Kramer's words brought about an epiphany:
All these years, in short, I had assumed that in art, if nowhere else, seeing is believing. Well - how
    very shortsighted! Now, at last, on April 28, 1974, I could see. I had gotten it backward all along.
    Not `seeing is believing', you ninny, but `believing is seeing', for Modern Art has become completely
    literary: the paintings and other works exist only to illustrate the text.
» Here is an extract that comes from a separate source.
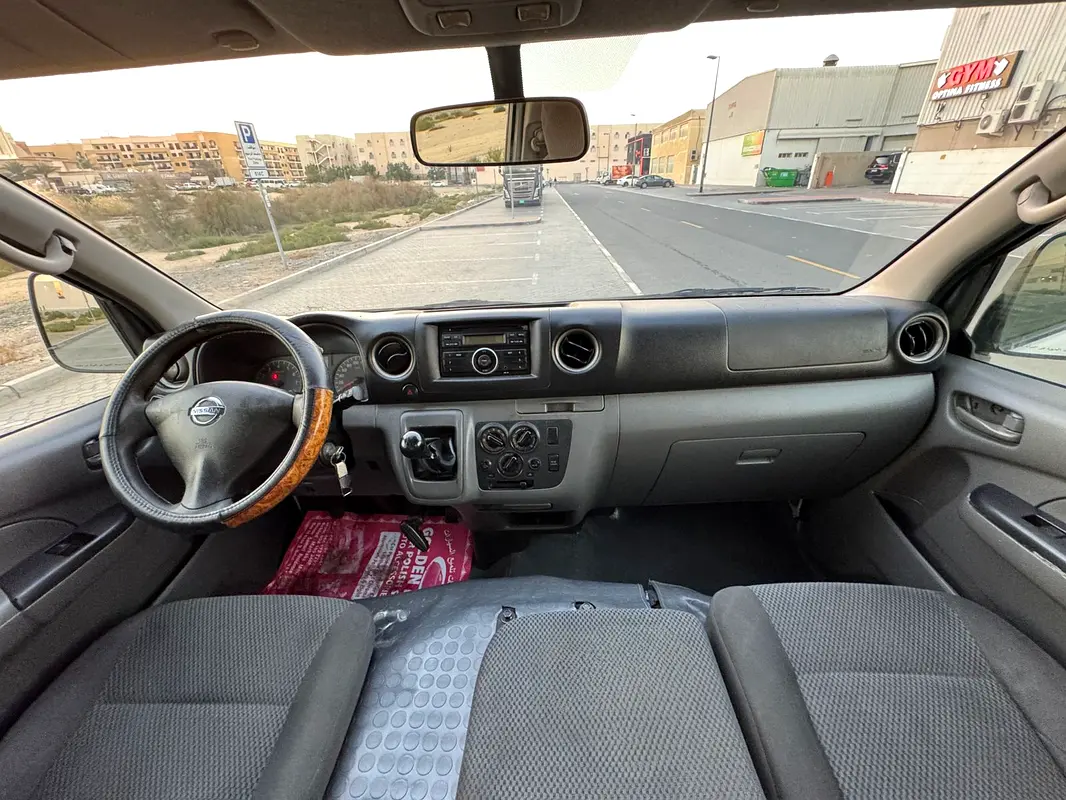 NISSAN Urvan NV350 2015 - photo 6 - Import Émirats | International Cars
Painted Word is an extended riff upon this theme--the idea that art had become wholly dependent on theory.  His case builds to the stunning dénouement when an artist named Lawrence Weiner presented the following artwork in the April 1970 issue of Arts Magazine:
1. The artist may construct the piece
2. The piece may be fabricated
3. The piece need not be built

Each being equal and consistent with the intent of the artist the decision as to condition rests with the receiver upon the occasion of receivership.

Concludes Wolfe:
And there, at last, it was!  No more realism, no more representational objects, no more lines, colors
    forms, and contours, no more pigments, no more brushstrokes, no more evocations, no more
    frames, walls, galleries, museums, no more gnawing at the tortured face of the god Flatness, no
    more audience required, just a "receiver" that may or may not be there at all, no more ego projected,
    just "the artist", in the third person, who may be anyone or no one at all, not even existence, for that
    got lost in the subjunctive mode--and in the moment of absolutely dispassionate abdication, of
    insouciant withering away, Art made its final flight, climbed higher and higher until, with one last erg
    of freedom, one last dendritic synapse, it disappeared up its own fundamental aperature...and came
    out the other side as Art Theory!...Art Theory pure and simple, words on a page, literature undefiled
    by vision, flat, flatter, Flattest, a vision invisible, even ineffable, as ineffable as the Angels and the
    Universal Souls.

And it is upon reaching this final state of pure theory that C.S. Lewis pessimistic prediction in The Abolition of Man comes to fruition.  When we as a people, no longer capable of forming coherent judgments about quality, no longer confident enough to differentiate what is good from what is bad, end up being forced to accept any old garbage that is hailed by the critics and forced upon us.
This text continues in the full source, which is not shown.